= Beginning of Section =

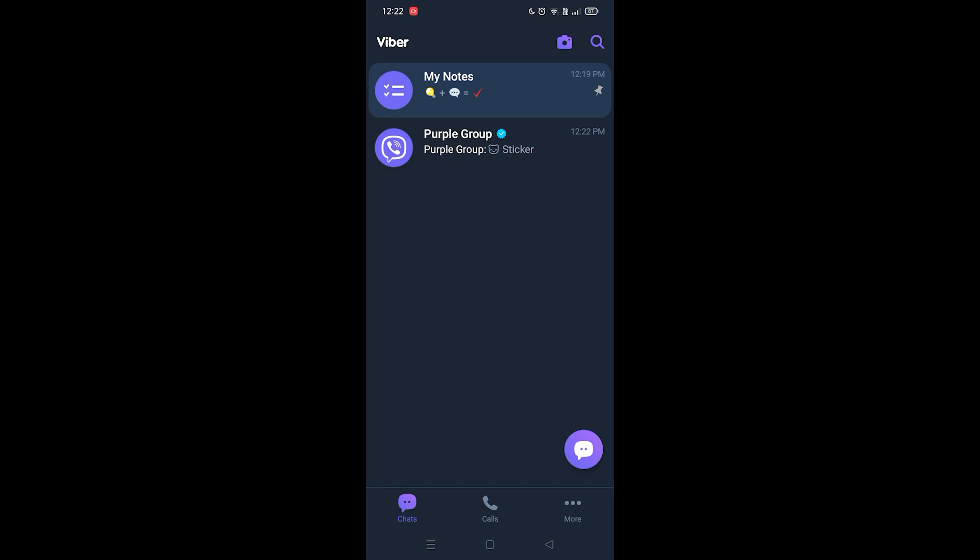Since I haven't created any group and I'm not able to create a group in Viber, I'm gonna tell you what to do and just follow what I say in your application. All you gotta do is first launch the Viber app.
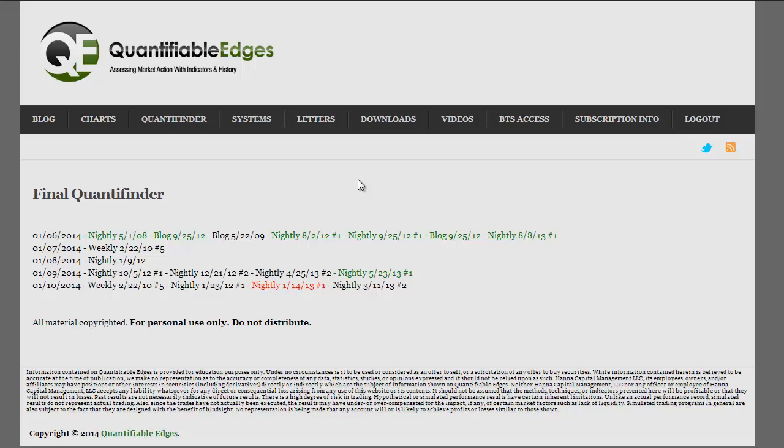The final version of the Quantifinder is run after the close — it's normally ready around 4:40. The only real difference is that the intraday version does not include studies with volume on individual securities, SPY for instance. It does include New York Stock Exchange total volume studies and estimates based on that point in time during the day.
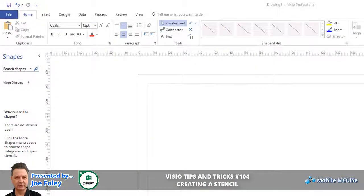Welcome back. Joe from Mobile Mouse. Today we're going to look at creating your own stencil in Microsoft Visio. If you're a regular Visio user then you're going to have the same issues as most others — you use various shapes from various stencils on a regular basis, or you simply don't have the shape you're after so you have to draw it yourself and reuse it regularly.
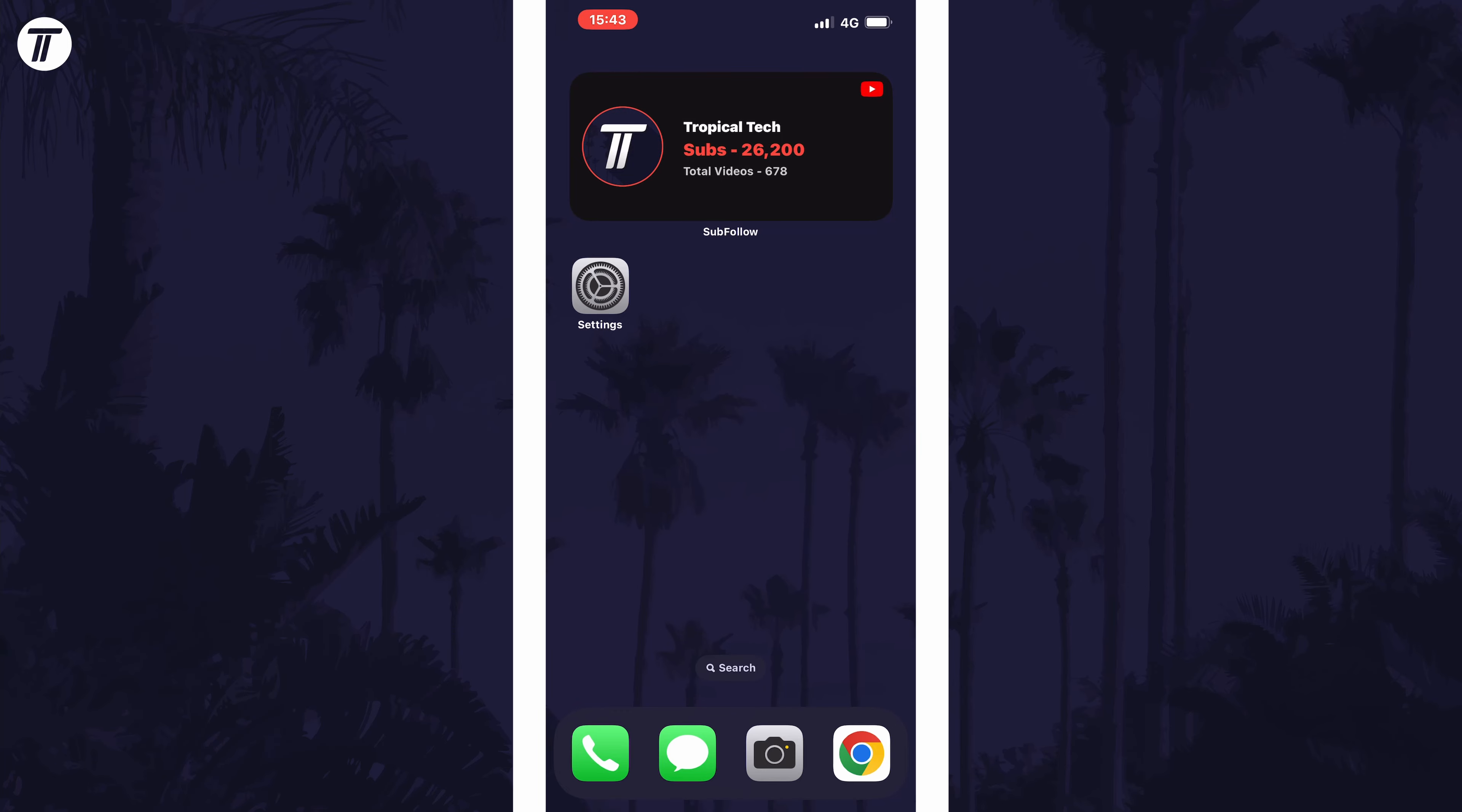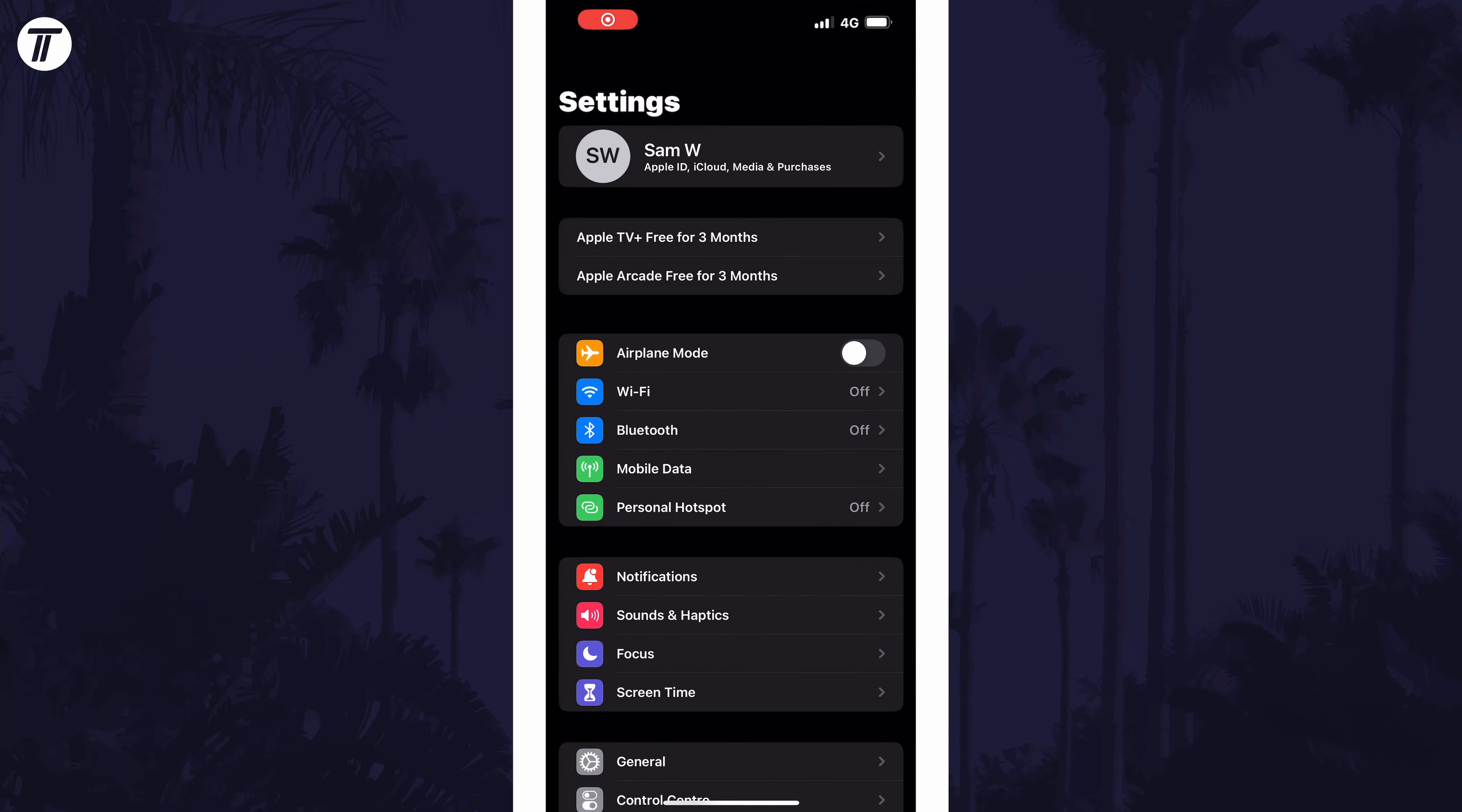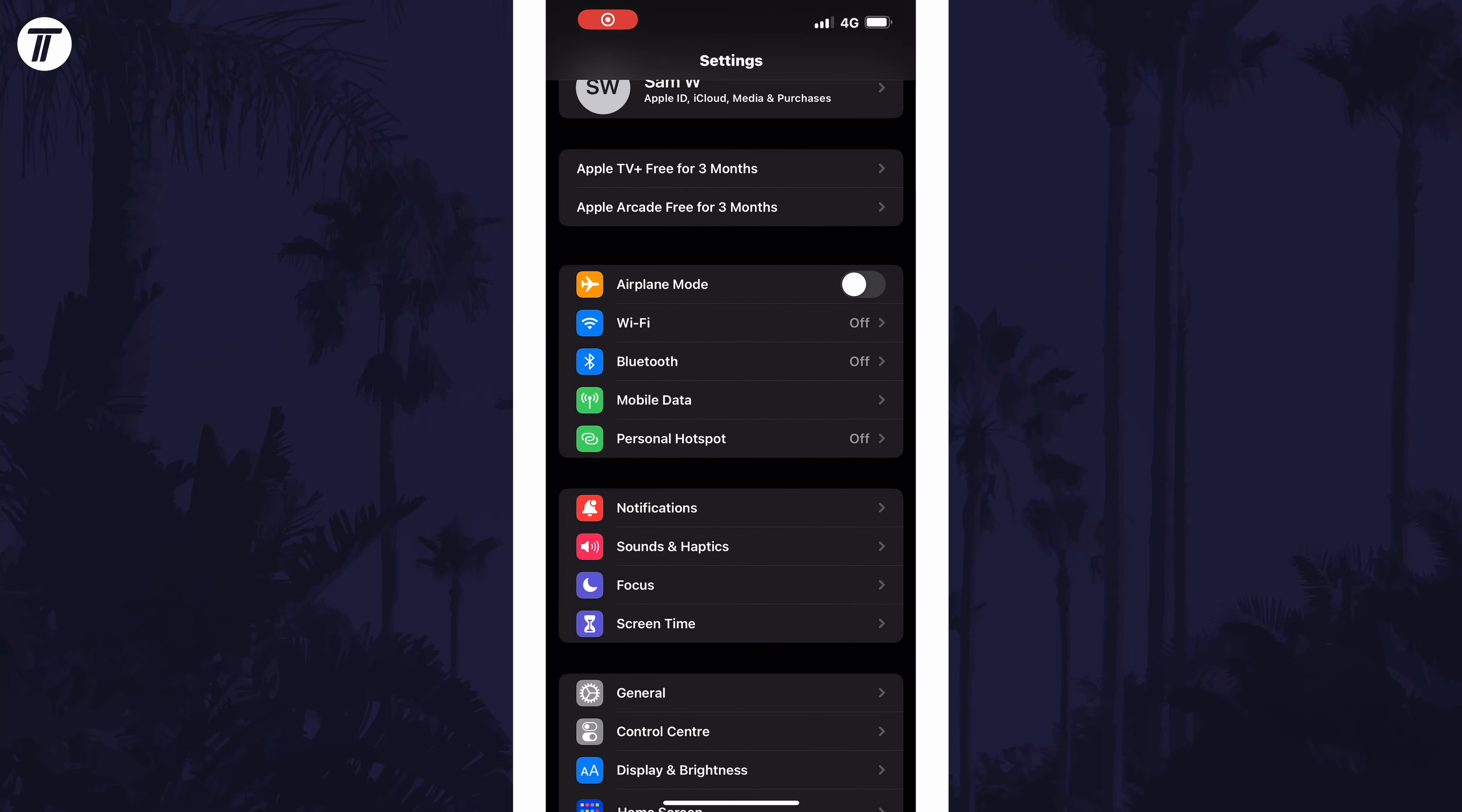To enable or disable keyboard vibration, open the settings app first, and then scroll down and select the option called Sound and Haptics from the list.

= End of Section =

The whole listing should be restated word for word, with no pictures.

Since I haven't created any group and I'm not able to create a group in Viber, I'm gonna tell you what to do and just follow what I say in your application. All you gotta do is first launch the Viber app.
The final version of the Quantifinder is run after the close — it's normally ready around 4:40. The only real difference is that the intraday version does not include studies with volume on individual securities, SPY for instance. It does include New York Stock Exchange total volume studies and estimates based on that point in time during the day.
Welcome back. Joe from Mobile Mouse. Today we're going to look at creating your own stencil in Microsoft Visio. If you're a regular Visio user then you're going to have the same issues as most others — you use various shapes from various stencils on a regular basis, or you simply don't have the shape you're after so you have to draw it yourself and reuse it regularly.
To enable or disable keyboard vibration, open the settings app first, and then scroll down and select the option called Sound and Haptics from the list.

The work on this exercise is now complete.